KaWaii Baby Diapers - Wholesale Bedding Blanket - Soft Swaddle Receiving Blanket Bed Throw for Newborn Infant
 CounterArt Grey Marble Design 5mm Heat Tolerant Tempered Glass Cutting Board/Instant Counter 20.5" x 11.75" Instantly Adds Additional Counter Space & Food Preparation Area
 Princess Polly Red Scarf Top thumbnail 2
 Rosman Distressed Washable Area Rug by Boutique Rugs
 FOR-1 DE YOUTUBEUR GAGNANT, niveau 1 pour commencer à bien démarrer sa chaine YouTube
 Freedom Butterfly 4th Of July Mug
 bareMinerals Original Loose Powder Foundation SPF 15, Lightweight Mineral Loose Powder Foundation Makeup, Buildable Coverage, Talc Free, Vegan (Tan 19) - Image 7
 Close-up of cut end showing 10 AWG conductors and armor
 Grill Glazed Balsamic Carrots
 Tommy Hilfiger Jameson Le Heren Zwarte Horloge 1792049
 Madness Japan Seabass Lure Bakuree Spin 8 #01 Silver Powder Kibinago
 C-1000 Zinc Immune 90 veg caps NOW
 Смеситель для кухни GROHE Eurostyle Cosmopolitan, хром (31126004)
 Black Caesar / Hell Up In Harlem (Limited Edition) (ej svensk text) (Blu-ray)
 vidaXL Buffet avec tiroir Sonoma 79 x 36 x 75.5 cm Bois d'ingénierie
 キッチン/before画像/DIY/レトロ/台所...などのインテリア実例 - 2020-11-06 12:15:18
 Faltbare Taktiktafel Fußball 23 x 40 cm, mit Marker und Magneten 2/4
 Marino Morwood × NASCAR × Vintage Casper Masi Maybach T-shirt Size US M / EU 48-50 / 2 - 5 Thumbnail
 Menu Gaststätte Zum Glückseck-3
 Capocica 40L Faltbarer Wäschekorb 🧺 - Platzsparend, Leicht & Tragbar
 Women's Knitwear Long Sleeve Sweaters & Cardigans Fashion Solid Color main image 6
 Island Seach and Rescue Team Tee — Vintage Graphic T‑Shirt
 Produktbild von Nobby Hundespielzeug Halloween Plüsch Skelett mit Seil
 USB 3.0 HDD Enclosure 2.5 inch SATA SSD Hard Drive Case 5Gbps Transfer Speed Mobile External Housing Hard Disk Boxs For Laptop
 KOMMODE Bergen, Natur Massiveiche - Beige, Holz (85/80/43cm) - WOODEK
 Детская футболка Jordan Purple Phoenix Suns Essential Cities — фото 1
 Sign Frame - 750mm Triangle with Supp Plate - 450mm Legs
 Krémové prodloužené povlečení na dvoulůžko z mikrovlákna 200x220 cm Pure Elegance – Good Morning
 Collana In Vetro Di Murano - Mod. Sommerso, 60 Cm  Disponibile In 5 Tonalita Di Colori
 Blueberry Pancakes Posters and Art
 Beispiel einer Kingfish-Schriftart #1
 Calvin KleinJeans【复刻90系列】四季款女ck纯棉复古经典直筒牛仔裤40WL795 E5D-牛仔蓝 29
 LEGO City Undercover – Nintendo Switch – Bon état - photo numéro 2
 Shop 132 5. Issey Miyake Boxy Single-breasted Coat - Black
--*--
Task instructions
Within the material, find all lines that hold the word "Area" and show them.

Problem solution
 CounterArt Grey Marble Design 5mm Heat Tolerant Tempered Glass Cutting Board/Instant Counter 20.5" x 11.75" Instantly Adds Additional Counter Space & Food Preparation Area
 Rosman Distressed Washable Area Rug by Boutique Rugs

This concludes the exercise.